日本地球惑星科学連合2018年大会

講演情報

[JJ] 口頭発表

セッション記号 H (地球人間圏科学) » H-RE 応用地質学・資源エネルギー利用

[H-RE13] 再生可能エネルギー分野での地球科学データの可能性

2018年5月22日(火) 15:30 〜 17:00 303 (幕張メッセ国際会議場 3F)

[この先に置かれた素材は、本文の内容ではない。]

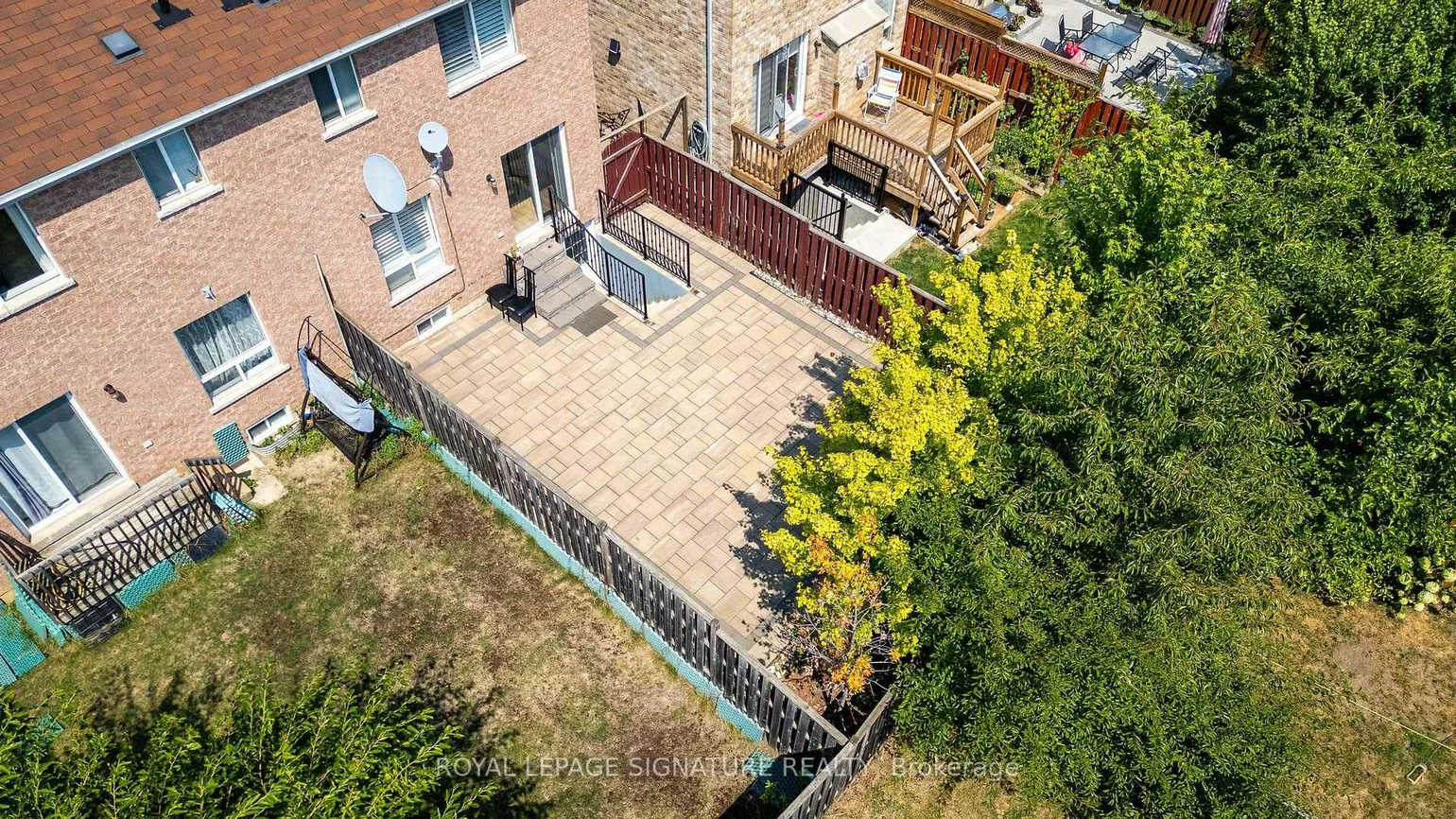 3940, Skyview, Churchill Meadows, Mississauga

コンビーナ:大竹 秀明(国立研究開発法人 産業技術総合研究所 太陽光発電研究センター)、宇野 史睦(産業技術総合研究所)、島田 照久(弘前大学大学院理工学研究科、共同)、野原 大輔(電力中央研究所)、座長:大竹 秀明(国立研究開発法人 産業技術総合研究所)

16:15 〜 16:30

[HRE13-04] 陸奥湾の風況

*島田 照久1 (1.弘前大学大学院理工学研究科)

キーワード:風況、風力エネルギー、衛星観測、気象シミュレーション

洋上風力エネルギーは、豊富な賦存量と大規模開発が可能という点で、今後は再生可能エネルギーの中心的な存在になることが期待されている。北日本では、洋上風力エネルギー利用の検討と促進のため、詳細な風況観測、ゾーニング事業、洋上風車の設置検討が進んでいるところも多い。こうした取り組みを進める上で、風況マップのさらなる理解が求められている。 青森県については、陸奥湾の風力資源が着目されている。陸奥湾は内湾であるにもかかわらず、およそ東西方向に伸びる領域では、年間の平均風速が8.5m/s(100m高度)に達することが、最新の洋上風況マップNeoWins(http://app10.infoc.nedo.go.jp/Nedo_Webgis/top.html)によって示されている。現在計画中あるいは導入済みの洋上風車の多くは、港湾域など海岸の近くに限定されており、沖合の強い風を利用できていないことを考えると、湾内の大きな平均風速は大きなアドバンテージとなりうる。 これまでの研究により、陸奥湾は周辺地形とともに東西方向の地峡を構成しており湾中央部では東西風が卓越すること、北日本に低温をもたらす東風のヤマセが卓越するときと北西の季節風が卓越するときに、湾内で強風が発生することがわかっている(Yamaguchi and Kawamura, 2005; Shimada et al. 2010, 2012)。しかしながら、地形性強風の詳細な3次元構造や変動の理解はまだ十分でない。本研究では、陸奥湾で発生する局地的強風の理解を目指し、洋上風況マップのさらなる理解につなげることを目指す。